__YOUR INSTRUCTIONS__. All of the data is to be copied word for word.

__LISTED ENTRIES__.
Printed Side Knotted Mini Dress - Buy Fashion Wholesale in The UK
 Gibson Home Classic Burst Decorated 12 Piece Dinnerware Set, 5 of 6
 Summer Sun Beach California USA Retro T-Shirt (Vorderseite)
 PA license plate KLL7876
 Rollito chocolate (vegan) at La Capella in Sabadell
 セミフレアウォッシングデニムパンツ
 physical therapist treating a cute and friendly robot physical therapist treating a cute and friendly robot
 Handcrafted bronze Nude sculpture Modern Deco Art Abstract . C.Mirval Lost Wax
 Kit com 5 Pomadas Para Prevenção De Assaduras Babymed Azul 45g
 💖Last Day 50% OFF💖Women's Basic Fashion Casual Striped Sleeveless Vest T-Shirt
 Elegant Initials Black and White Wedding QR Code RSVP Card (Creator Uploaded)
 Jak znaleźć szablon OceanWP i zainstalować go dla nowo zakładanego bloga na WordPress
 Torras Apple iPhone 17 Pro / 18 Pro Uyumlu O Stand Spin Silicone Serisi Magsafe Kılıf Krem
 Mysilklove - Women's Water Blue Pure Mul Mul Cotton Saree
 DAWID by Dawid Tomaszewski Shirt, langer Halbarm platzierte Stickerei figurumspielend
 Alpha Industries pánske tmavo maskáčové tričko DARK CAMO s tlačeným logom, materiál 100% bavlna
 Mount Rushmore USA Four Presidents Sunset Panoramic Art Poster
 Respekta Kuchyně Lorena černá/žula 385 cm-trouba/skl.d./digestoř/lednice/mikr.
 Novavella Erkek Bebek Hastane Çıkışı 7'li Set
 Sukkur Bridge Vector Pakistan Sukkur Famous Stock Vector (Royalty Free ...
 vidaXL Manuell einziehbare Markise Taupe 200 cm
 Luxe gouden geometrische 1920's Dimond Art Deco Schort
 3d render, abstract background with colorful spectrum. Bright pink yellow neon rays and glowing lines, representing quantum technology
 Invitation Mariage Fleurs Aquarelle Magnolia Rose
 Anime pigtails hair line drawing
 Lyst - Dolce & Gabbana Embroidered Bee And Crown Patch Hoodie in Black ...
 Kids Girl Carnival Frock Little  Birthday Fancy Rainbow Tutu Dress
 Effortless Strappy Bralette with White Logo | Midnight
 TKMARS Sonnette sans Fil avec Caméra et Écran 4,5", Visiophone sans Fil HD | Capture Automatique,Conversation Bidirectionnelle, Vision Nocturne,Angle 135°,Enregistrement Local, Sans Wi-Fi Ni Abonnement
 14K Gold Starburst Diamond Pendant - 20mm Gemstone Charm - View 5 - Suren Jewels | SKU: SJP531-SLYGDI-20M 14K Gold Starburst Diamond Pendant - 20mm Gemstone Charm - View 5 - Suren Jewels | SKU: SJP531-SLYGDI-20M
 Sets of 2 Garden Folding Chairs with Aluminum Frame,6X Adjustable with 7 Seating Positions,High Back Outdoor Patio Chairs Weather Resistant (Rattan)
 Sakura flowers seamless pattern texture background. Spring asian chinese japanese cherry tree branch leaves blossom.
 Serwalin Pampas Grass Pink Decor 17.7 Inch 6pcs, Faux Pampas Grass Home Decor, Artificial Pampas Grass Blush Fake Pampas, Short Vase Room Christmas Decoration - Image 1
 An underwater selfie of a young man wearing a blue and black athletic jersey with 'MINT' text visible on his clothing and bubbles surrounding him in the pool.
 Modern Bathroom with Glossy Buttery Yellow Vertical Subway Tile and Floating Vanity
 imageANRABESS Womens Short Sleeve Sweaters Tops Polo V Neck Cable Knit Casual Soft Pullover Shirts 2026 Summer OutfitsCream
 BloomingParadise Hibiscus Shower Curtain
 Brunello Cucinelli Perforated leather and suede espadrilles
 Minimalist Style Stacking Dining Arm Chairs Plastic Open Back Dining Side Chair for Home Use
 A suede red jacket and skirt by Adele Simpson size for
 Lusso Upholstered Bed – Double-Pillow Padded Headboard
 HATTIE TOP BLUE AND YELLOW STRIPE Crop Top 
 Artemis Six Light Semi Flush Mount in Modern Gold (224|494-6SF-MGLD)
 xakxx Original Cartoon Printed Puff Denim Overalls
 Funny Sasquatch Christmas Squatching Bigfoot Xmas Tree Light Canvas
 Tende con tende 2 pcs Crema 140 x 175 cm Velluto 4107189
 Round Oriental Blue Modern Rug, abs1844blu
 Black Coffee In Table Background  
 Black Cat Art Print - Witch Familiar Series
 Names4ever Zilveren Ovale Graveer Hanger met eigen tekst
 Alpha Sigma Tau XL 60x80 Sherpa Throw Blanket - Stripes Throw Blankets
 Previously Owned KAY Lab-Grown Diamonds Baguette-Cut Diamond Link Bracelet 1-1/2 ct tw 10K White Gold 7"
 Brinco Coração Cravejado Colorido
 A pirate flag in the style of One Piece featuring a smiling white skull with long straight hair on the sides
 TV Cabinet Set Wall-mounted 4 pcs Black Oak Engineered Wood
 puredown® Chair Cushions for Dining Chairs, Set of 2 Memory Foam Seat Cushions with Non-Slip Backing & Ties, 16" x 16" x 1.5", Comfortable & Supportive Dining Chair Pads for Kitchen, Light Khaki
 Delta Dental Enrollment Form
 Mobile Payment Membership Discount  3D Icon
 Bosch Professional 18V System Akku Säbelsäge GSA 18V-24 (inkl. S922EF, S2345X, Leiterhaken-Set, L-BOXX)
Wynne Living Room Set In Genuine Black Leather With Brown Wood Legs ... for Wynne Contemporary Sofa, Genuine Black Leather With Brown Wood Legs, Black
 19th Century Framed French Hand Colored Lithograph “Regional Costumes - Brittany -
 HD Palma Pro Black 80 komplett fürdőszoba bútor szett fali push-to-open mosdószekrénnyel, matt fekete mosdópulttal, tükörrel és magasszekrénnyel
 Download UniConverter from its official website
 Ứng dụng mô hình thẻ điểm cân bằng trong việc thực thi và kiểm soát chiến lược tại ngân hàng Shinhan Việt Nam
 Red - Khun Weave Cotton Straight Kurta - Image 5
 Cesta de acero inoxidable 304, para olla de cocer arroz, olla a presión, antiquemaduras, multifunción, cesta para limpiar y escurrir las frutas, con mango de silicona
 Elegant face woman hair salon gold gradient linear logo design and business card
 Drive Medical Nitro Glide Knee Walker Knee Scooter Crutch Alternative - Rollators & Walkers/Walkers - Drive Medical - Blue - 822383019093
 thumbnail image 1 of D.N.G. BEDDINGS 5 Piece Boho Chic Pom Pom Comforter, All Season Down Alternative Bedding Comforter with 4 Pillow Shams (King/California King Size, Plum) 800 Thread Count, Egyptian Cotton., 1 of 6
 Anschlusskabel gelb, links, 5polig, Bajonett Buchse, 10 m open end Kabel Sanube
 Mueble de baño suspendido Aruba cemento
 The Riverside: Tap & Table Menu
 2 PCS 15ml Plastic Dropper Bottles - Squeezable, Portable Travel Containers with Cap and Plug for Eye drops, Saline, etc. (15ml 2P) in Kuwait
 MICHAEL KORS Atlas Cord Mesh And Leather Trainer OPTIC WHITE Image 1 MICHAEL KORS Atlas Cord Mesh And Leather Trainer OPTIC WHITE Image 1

__SOLUTION TO THIS EXERCISE__.
Printed Side Knotted Mini Dress - Buy Fashion Wholesale in The UK
 Gibson Home Classic Burst Decorated 12 Piece Dinnerware Set, 5 of 6
 Summer Sun Beach California USA Retro T-Shirt (Vorderseite)
 PA license plate KLL7876
 Rollito chocolate (vegan) at La Capella in Sabadell
 セミフレアウォッシングデニムパンツ
 physical therapist treating a cute and friendly robot physical therapist treating a cute and friendly robot
 Handcrafted bronze Nude sculpture Modern Deco Art Abstract . C.Mirval Lost Wax
 Kit com 5 Pomadas Para Prevenção De Assaduras Babymed Azul 45g
 💖Last Day 50% OFF💖Women's Basic Fashion Casual Striped Sleeveless Vest T-Shirt
 Elegant Initials Black and White Wedding QR Code RSVP Card (Creator Uploaded)
 Jak znaleźć szablon OceanWP i zainstalować go dla nowo zakładanego bloga na WordPress
 Torras Apple iPhone 17 Pro / 18 Pro Uyumlu O Stand Spin Silicone Serisi Magsafe Kılıf Krem
 Mysilklove - Women's Water Blue Pure Mul Mul Cotton Saree
 DAWID by Dawid Tomaszewski Shirt, langer Halbarm platzierte Stickerei figurumspielend
 Alpha Industries pánske tmavo maskáčové tričko DARK CAMO s tlačeným logom, materiál 100% bavlna
 Mount Rushmore USA Four Presidents Sunset Panoramic Art Poster
 Respekta Kuchyně Lorena černá/žula 385 cm-trouba/skl.d./digestoř/lednice/mikr.
 Novavella Erkek Bebek Hastane Çıkışı 7'li Set
 Sukkur Bridge Vector Pakistan Sukkur Famous Stock Vector (Royalty Free ...
 vidaXL Manuell einziehbare Markise Taupe 200 cm
 Luxe gouden geometrische 1920's Dimond Art Deco Schort
 3d render, abstract background with colorful spectrum. Bright pink yellow neon rays and glowing lines, representing quantum technology
 Invitation Mariage Fleurs Aquarelle Magnolia Rose
 Anime pigtails hair line drawing
 Lyst - Dolce & Gabbana Embroidered Bee And Crown Patch Hoodie in Black ...
 Kids Girl Carnival Frock Little  Birthday Fancy Rainbow Tutu Dress
 Effortless Strappy Bralette with White Logo | Midnight
 TKMARS Sonnette sans Fil avec Caméra et Écran 4,5", Visiophone sans Fil HD | Capture Automatique,Conversation Bidirectionnelle, Vision Nocturne,Angle 135°,Enregistrement Local, Sans Wi-Fi Ni Abonnement
 14K Gold Starburst Diamond Pendant - 20mm Gemstone Charm - View 5 - Suren Jewels | SKU: SJP531-SLYGDI-20M 14K Gold Starburst Diamond Pendant - 20mm Gemstone Charm - View 5 - Suren Jewels | SKU: SJP531-SLYGDI-20M
 Sets of 2 Garden Folding Chairs with Aluminum Frame,6X Adjustable with 7 Seating Positions,High Back Outdoor Patio Chairs Weather Resistant (Rattan)
 Sakura flowers seamless pattern texture background. Spring asian chinese japanese cherry tree branch leaves blossom.
 Serwalin Pampas Grass Pink Decor 17.7 Inch 6pcs, Faux Pampas Grass Home Decor, Artificial Pampas Grass Blush Fake Pampas, Short Vase Room Christmas Decoration - Image 1
 An underwater selfie of a young man wearing a blue and black athletic jersey with 'MINT' text visible on his clothing and bubbles surrounding him in the pool.
 Modern Bathroom with Glossy Buttery Yellow Vertical Subway Tile and Floating Vanity
 imageANRABESS Womens Short Sleeve Sweaters Tops Polo V Neck Cable Knit Casual Soft Pullover Shirts 2026 Summer OutfitsCream
 BloomingParadise Hibiscus Shower Curtain
 Brunello Cucinelli Perforated leather and suede espadrilles
 Minimalist Style Stacking Dining Arm Chairs Plastic Open Back Dining Side Chair for Home Use
 A suede red jacket and skirt by Adele Simpson size for
 Lusso Upholstered Bed – Double-Pillow Padded Headboard
 HATTIE TOP BLUE AND YELLOW STRIPE Crop Top 
 Artemis Six Light Semi Flush Mount in Modern Gold (224|494-6SF-MGLD)
 xakxx Original Cartoon Printed Puff Denim Overalls
 Funny Sasquatch Christmas Squatching Bigfoot Xmas Tree Light Canvas
 Tende con tende 2 pcs Crema 140 x 175 cm Velluto 4107189
 Round Oriental Blue Modern Rug, abs1844blu
 Black Coffee In Table Background  
 Black Cat Art Print - Witch Familiar Series
 Names4ever Zilveren Ovale Graveer Hanger met eigen tekst
 Alpha Sigma Tau XL 60x80 Sherpa Throw Blanket - Stripes Throw Blankets
 Previously Owned KAY Lab-Grown Diamonds Baguette-Cut Diamond Link Bracelet 1-1/2 ct tw 10K White Gold 7"
 Brinco Coração Cravejado Colorido
 A pirate flag in the style of One Piece featuring a smiling white skull with long straight hair on the sides
 TV Cabinet Set Wall-mounted 4 pcs Black Oak Engineered Wood
 puredown® Chair Cushions for Dining Chairs, Set of 2 Memory Foam Seat Cushions with Non-Slip Backing & Ties, 16" x 16" x 1.5", Comfortable & Supportive Dining Chair Pads for Kitchen, Light Khaki
 Delta Dental Enrollment Form
 Mobile Payment Membership Discount  3D Icon
 Bosch Professional 18V System Akku Säbelsäge GSA 18V-24 (inkl. S922EF, S2345X, Leiterhaken-Set, L-BOXX)
Wynne Living Room Set In Genuine Black Leather With Brown Wood Legs ... for Wynne Contemporary Sofa, Genuine Black Leather With Brown Wood Legs, Black
 19th Century Framed French Hand Colored Lithograph “Regional Costumes - Brittany -
 HD Palma Pro Black 80 komplett fürdőszoba bútor szett fali push-to-open mosdószekrénnyel, matt fekete mosdópulttal, tükörrel és magasszekrénnyel
 Download UniConverter from its official website
 Ứng dụng mô hình thẻ điểm cân bằng trong việc thực thi và kiểm soát chiến lược tại ngân hàng Shinhan Việt Nam
 Red - Khun Weave Cotton Straight Kurta - Image 5
 Cesta de acero inoxidable 304, para olla de cocer arroz, olla a presión, antiquemaduras, multifunción, cesta para limpiar y escurrir las frutas, con mango de silicona
 Elegant face woman hair salon gold gradient linear logo design and business card
 Drive Medical Nitro Glide Knee Walker Knee Scooter Crutch Alternative - Rollators & Walkers/Walkers - Drive Medical - Blue - 822383019093
 thumbnail image 1 of D.N.G. BEDDINGS 5 Piece Boho Chic Pom Pom Comforter, All Season Down Alternative Bedding Comforter with 4 Pillow Shams (King/California King Size, Plum) 800 Thread Count, Egyptian Cotton., 1 of 6
 Anschlusskabel gelb, links, 5polig, Bajonett Buchse, 10 m open end Kabel Sanube
 Mueble de baño suspendido Aruba cemento
 The Riverside: Tap & Table Menu
 2 PCS 15ml Plastic Dropper Bottles - Squeezable, Portable Travel Containers with Cap and Plug for Eye drops, Saline, etc. (15ml 2P) in Kuwait
 MICHAEL KORS Atlas Cord Mesh And Leather Trainer OPTIC WHITE Image 1 MICHAEL KORS Atlas Cord Mesh And Leather Trainer OPTIC WHITE Image 1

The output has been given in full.